Microcephalin and pericentrin regulate mitotic entry via centrosome-associated Chk1.

Tibelius A, Marhold J, Zentgraf H, Heilig CE, Neitzel H, Ducommun B, Rauch A, Ho AD, Bartek J, Krämer A

Clinical Cooperation Unit Molecular Hematology/Oncology and 2 Department of Tumor Virology, German Cancer Research Center, 69120 Heidelberg, Germany.

Primary microcephaly, Seckel syndrome, and microcephalic osteodysplastic primordial dwarfism type II (MOPD II) are disorders exhibiting marked microcephaly, with small brain sizes reflecting reduced neuron production during fetal life.
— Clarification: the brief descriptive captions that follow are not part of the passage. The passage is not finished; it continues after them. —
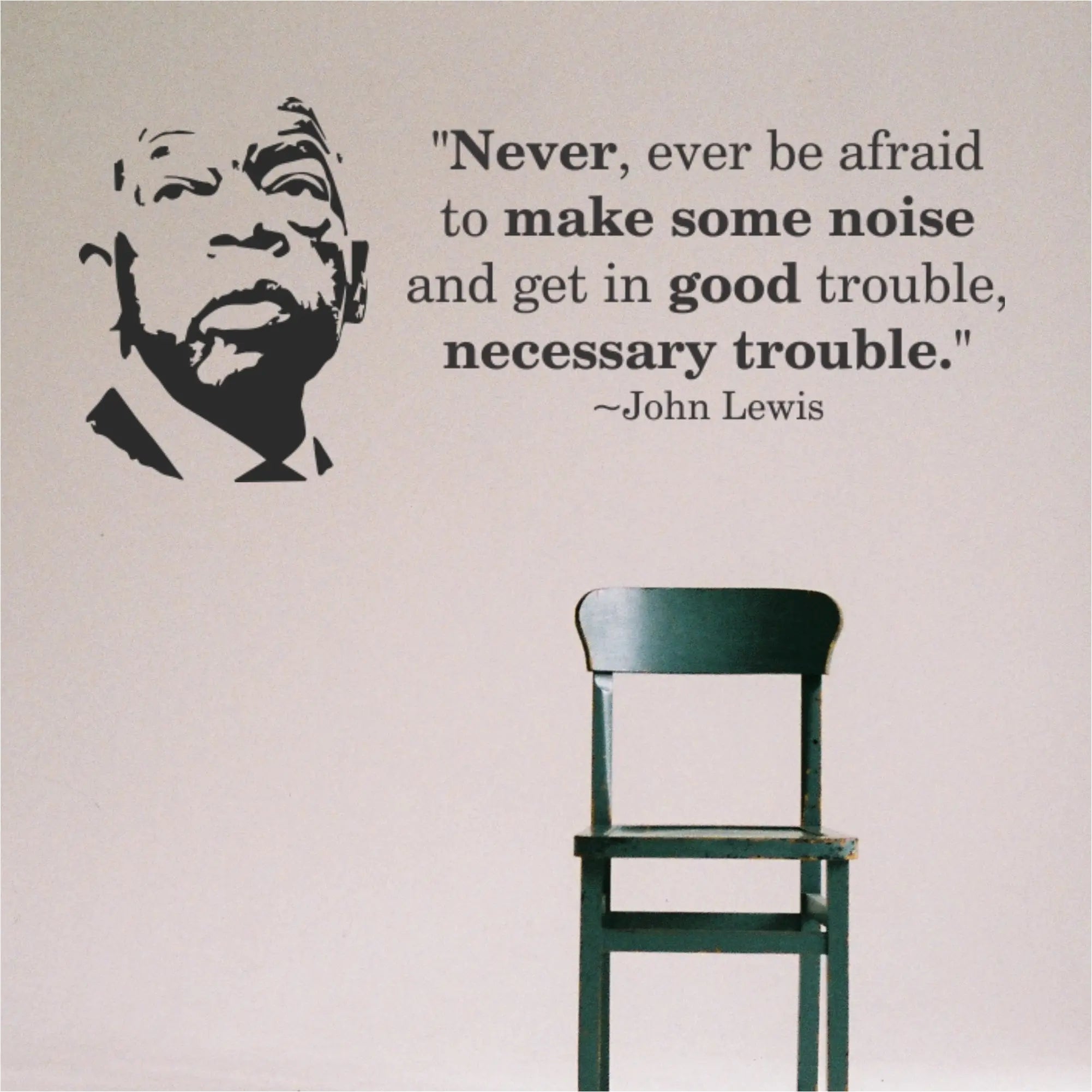 Minimalist decor featuring the John Lewis Good Trouble silhouette and quote decal set displayed above a green student chair.
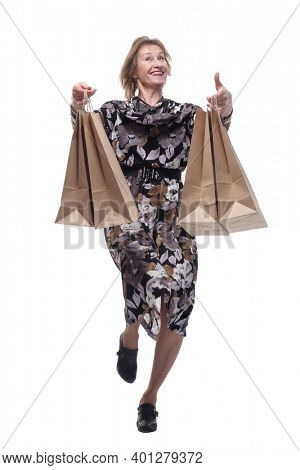 Full length of attractivewoman smiling and carrying shopping bags while dancing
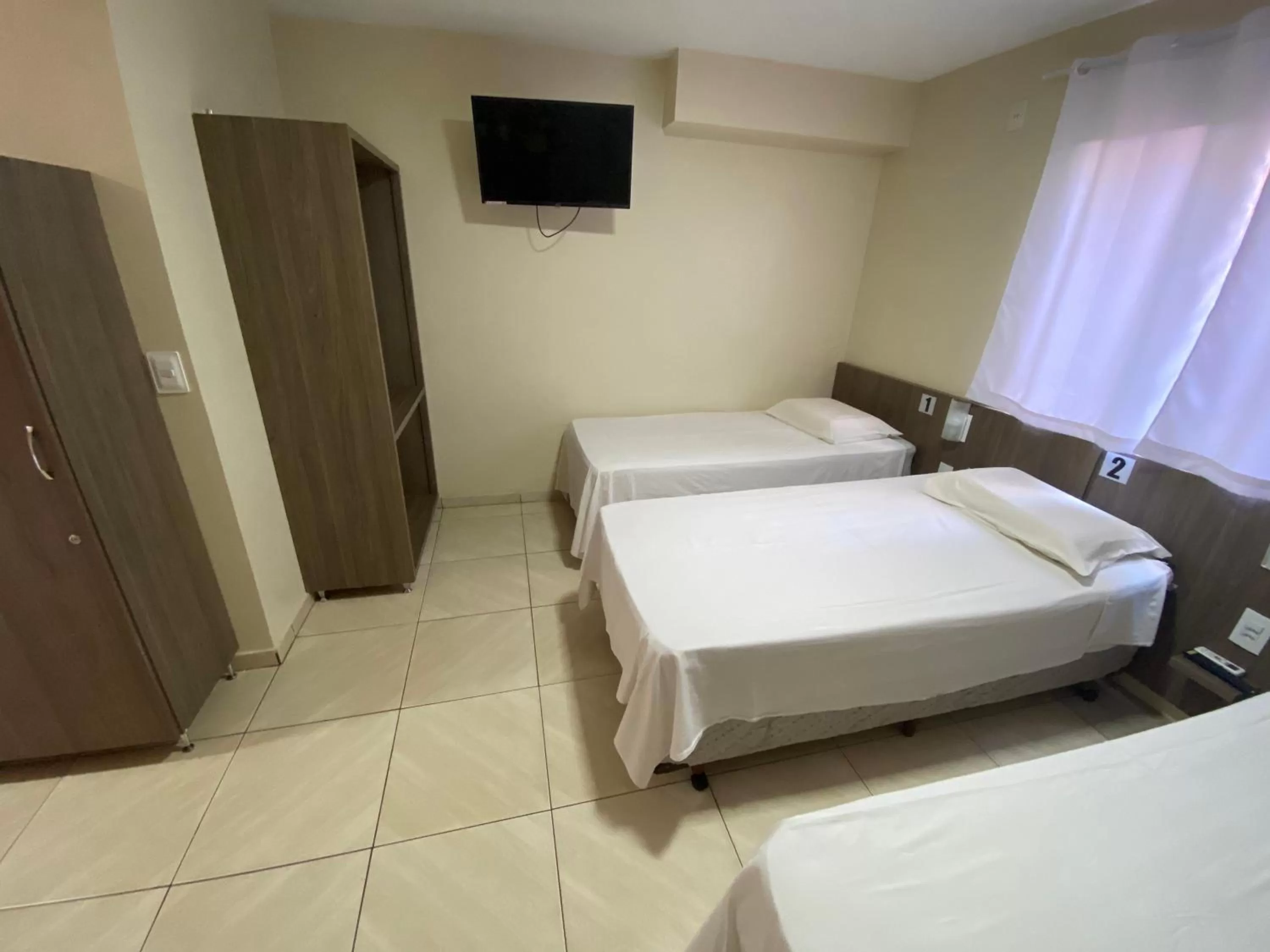 Bed in Pousada El Shaddai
Although primary microcephaly can be caused by mutations in microcephalin (MCPH1), cells from patients with Seckel syndrome and MOPD II harbor mutations in ataxia telangiectasia and Rad3 related (ATR) or pericentrin (PCNT), leading to disturbed ATR signaling. In this study, we show that a lack of MCPH1 or PCNT results in a loss of Chk1 from centrosomes with subsequently deregulated activation of centrosomal cyclin B-Cdk1.

Published 23 June 2009 in J Cell Biol.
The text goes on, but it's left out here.